While high-frequency trading firms continue to struggle in the face of the slowdown in equity markets, HFT critics are calling a new study on the practice, which has just been released by a CFTC economist, “groundbreaking” in demonstrating how high-speed traders gain their profits.
[Read: Eladian Closure an Ominous Sign for High-Frequency Trading to learn more.]
While the study - as we reported yesterday - has stirred up a certain amount of resistance from some market observers, who say it fails to address the benefits high-speed traders bring to the market, such as lower costs of trading for ordinary investors, vocal high-frequency opponents at Themis Trading say the paper is unique in the methods it uses to prove its point.
“Something should strike you that this paper is unique when it comes to academic literature on HFT,” Themis Trading’s Joe Saluzzi and Sal Arnuk said in a statement.

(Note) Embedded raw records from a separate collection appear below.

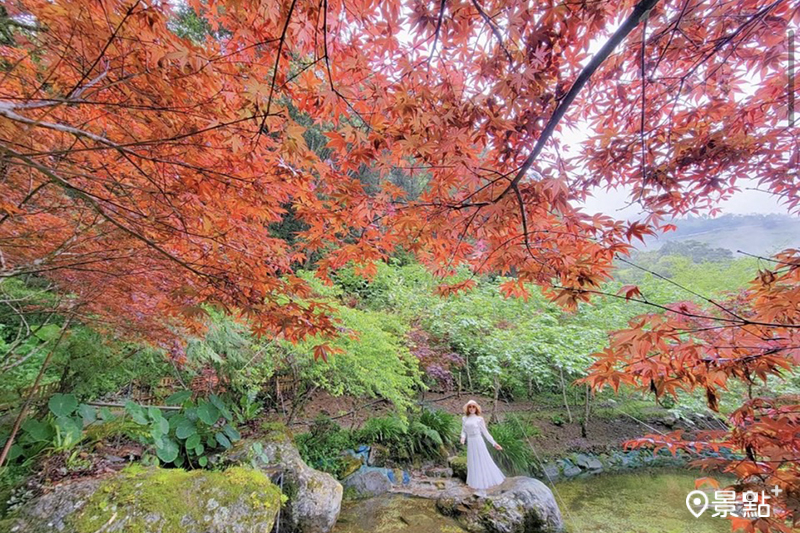 2023年秋分為9月23日，圖為拉拉山祕密花園楓紅美景。（圖／yijiun_lee）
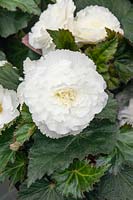 Begonia x tuberhybrida Nonstop ® White
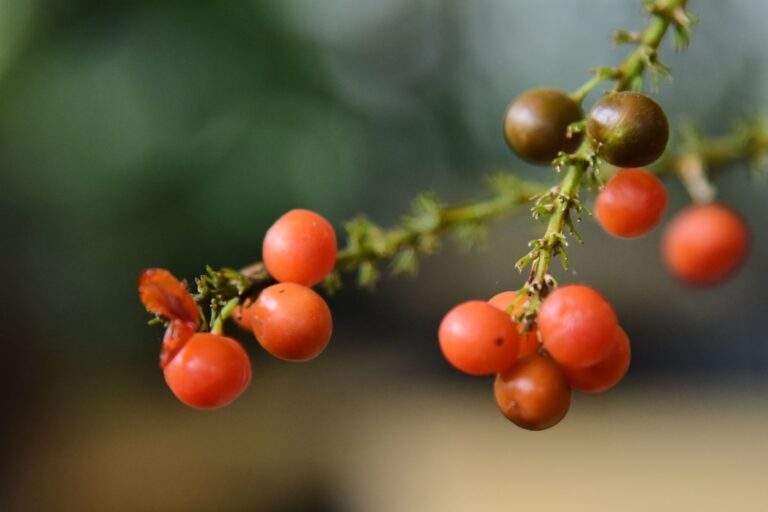 close up of vibrant red berries on thorny branch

“The second sentence reads ‘Using transaction level data with user identifications, we find that high frequency trading (HFT) is highly profitable.’ The unique part is not that HFT is profitable (we all know that), it’s that Kirilenko and his fellow authors were able to use data that had “user identifications”. This means they were not guessing, which is what most other academic literature does since it usually relies only a sample set of data that is provided by the exchanges.”
The Themis partners also highlight findings from the report such as the fact that “HFT’s profits are persistent, new entrants have a higher propensity to underperform and exit, and the fastest firms (in absolute and in relative terms) make up the upper tail of performance. ”
They also point out that the fact that data on high-speed trading profits suggest there is a “strong profit motive for liquidity taking rather than liquidity providing.
Saluzzi and Arnuk suggest the report is a good beginning, but still leaves a number of questions unanswered.
“The paper left us wondering: Who are these handful of aggressive HFT’s that consistently make money trading the e-minis? Are they large enough to be doing what is known as “momentum ignition” in the most liquid futures contract in the world? What effect is this type of trading having on other asset classes? Is this type of trading purely momentum and divorced from economic fundamentals?” Further, the study only analyzes futures data, they point out. Most large HFT’s trade in multiple asset classes including stocks, ETF’s, futures, options and currencies. “We know that HFT’s make their money differently in the equities market. The concepts of rebates, order types and data feeds are much more important in the equities space.”
As such, one should wonder how much money is being made and what is actually going on in all those other asset classes, Themis’s partners contend.
HFT critics such as Themis Trading now hope the SEC and stock exchanges will produce their own detailed report on the impact of high-frequency trading on the market.
In the meantime, it looks likely that the controversial issue of high-frequency trading with its pros and cons will continue to ignite the market-place for the foreseeable future.